### Task directions
Range to repeat from the listing below: the line containing "3 slaapkamer Flat" down to the line containing "Clonlyon Glebe, Belmont, Co. Offaly", both included. Copy it exactly, pictures excluded, and add nothing else.

### Records for this task
--- START ---

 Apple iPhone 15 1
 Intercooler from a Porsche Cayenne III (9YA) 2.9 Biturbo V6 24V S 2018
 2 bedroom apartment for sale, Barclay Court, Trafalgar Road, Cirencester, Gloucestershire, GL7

--- END ---
--- START ---

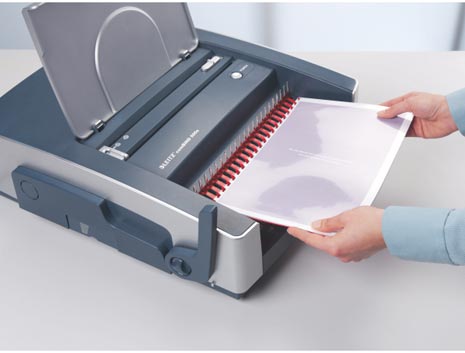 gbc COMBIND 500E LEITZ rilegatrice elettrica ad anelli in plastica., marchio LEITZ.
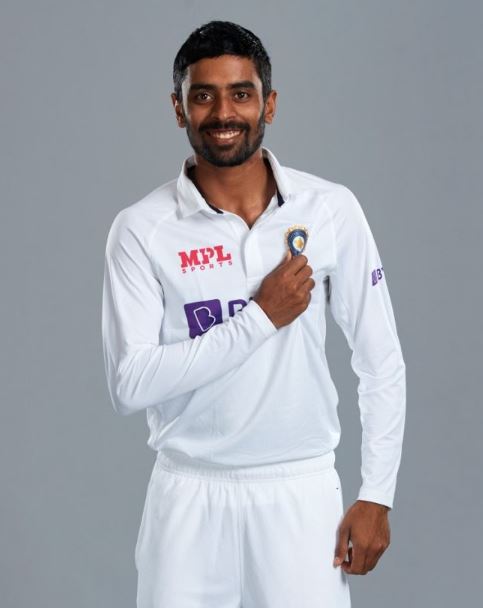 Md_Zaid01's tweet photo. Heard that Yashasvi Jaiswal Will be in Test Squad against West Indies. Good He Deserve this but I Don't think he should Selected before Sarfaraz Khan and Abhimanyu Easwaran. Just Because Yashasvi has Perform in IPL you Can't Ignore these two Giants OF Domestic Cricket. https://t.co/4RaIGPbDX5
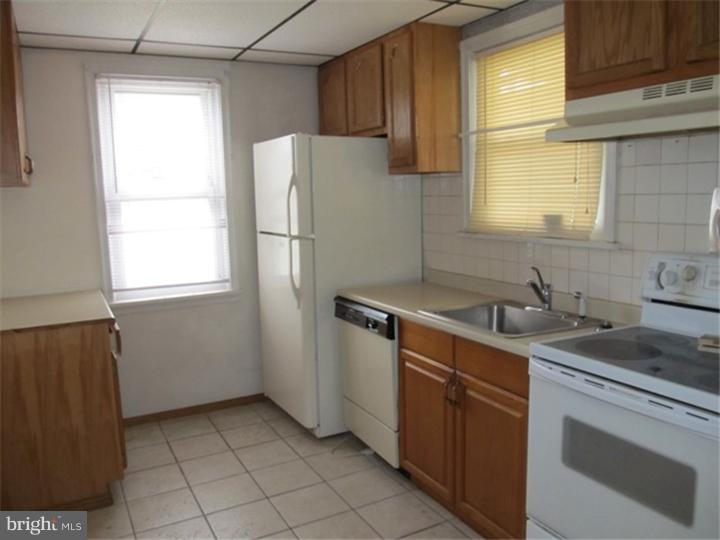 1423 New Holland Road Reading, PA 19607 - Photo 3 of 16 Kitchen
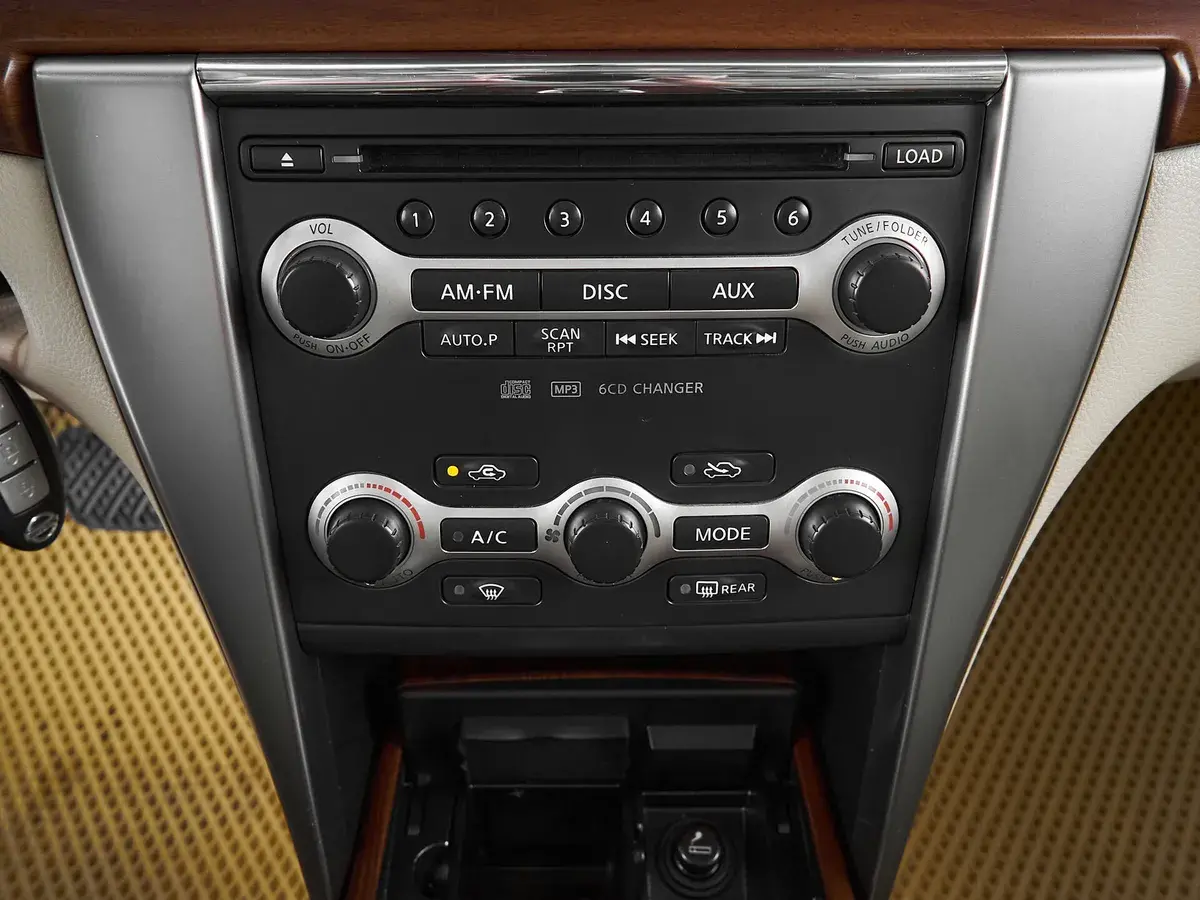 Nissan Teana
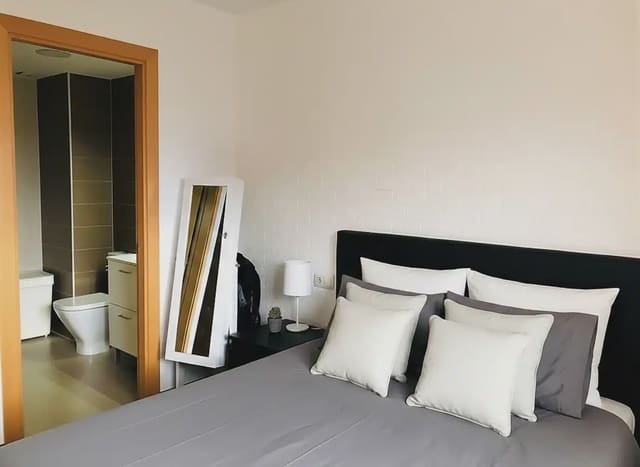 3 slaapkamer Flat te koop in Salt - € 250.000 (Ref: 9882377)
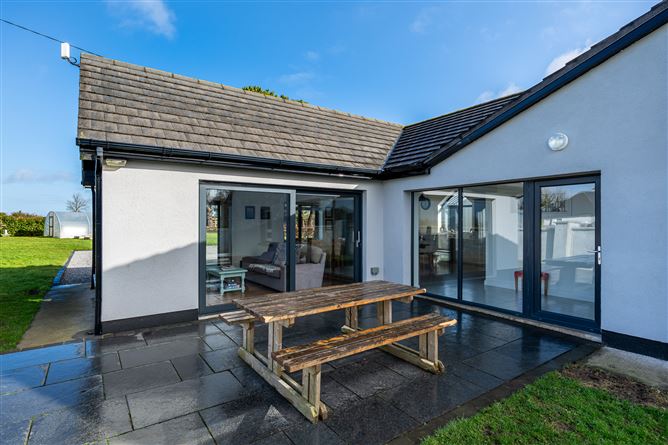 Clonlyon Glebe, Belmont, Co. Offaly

--- END ---
--- START ---

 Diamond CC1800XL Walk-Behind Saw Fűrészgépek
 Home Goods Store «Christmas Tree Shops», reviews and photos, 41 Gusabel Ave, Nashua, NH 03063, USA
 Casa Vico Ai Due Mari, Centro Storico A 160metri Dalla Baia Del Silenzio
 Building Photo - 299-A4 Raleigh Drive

--- END ---

### Answer space
 3 slaapkamer Flat te koop in Salt - € 250.000 (Ref: 9882377)
 Clonlyon Glebe, Belmont, Co. Offaly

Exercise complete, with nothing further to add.